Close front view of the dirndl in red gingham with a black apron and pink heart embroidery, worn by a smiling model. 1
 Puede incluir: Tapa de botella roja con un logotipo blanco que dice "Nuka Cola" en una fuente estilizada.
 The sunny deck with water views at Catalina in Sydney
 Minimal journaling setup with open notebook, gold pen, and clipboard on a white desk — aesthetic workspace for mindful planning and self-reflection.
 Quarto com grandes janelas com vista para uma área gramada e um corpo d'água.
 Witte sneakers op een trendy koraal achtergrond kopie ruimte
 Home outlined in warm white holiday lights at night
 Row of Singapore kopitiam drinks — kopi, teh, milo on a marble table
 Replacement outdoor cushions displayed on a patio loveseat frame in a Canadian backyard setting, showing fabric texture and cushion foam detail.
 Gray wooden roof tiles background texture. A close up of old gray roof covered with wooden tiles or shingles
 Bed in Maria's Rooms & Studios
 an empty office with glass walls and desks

--------------------

Problem details — Sift the material for lines with the string "texture". Copy each one found.

Response to this exercise —
 Replacement outdoor cushions displayed on a patio loveseat frame in a Canadian backyard setting, showing fabric texture and cushion foam detail.
 Gray wooden roof tiles background texture. A close up of old gray roof covered with wooden tiles or shingles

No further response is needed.